▶ _Work request_
Every line below between the one holding "Patru persoane au" and the one holding "Пластикова маска Гарбуз", inclusive, should be copied exactly, and no other line.
━━━━━━━━━━━━━━━━━━━━━━━━━━━━━━
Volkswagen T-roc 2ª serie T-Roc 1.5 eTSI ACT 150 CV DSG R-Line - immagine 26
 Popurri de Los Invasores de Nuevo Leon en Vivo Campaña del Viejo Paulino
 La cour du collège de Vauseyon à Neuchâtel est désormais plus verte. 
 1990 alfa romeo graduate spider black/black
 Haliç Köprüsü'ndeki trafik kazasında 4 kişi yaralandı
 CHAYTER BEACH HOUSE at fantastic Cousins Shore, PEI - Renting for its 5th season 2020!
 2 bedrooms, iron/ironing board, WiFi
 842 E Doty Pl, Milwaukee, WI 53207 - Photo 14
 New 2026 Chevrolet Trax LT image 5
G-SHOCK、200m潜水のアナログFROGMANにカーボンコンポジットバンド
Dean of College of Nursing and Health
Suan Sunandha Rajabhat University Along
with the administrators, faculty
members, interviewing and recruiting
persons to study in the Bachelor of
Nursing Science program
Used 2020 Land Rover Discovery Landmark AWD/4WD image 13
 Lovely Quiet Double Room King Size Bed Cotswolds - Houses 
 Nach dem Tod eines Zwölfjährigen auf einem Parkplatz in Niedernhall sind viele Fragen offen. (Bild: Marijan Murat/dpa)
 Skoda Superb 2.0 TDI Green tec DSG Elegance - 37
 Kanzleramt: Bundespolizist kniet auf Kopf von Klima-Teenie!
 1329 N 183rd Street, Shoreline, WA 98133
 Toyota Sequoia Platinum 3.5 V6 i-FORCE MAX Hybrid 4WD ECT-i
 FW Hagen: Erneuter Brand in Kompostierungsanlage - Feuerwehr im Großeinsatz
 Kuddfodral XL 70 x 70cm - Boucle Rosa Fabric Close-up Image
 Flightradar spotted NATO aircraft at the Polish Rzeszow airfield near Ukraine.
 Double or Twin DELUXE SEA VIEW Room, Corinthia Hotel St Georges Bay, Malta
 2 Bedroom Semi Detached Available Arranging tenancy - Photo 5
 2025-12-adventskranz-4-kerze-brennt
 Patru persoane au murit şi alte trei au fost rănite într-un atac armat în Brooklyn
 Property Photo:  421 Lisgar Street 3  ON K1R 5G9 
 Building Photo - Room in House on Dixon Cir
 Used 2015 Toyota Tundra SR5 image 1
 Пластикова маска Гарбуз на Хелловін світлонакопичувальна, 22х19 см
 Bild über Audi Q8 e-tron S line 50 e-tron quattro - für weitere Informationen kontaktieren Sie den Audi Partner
━━━━━━━━━━━━━━━━━━━━━━━━━━━━━━
▶ _Written response_
 Patru persoane au murit şi alte trei au fost rănite într-un atac armat în Brooklyn
 Property Photo:  421 Lisgar Street 3  ON K1R 5G9 
 Building Photo - Room in House on Dixon Cir
 Used 2015 Toyota Tundra SR5 image 1
 Пластикова маска Гарбуз на Хелловін світлонакопичувальна, 22х19 см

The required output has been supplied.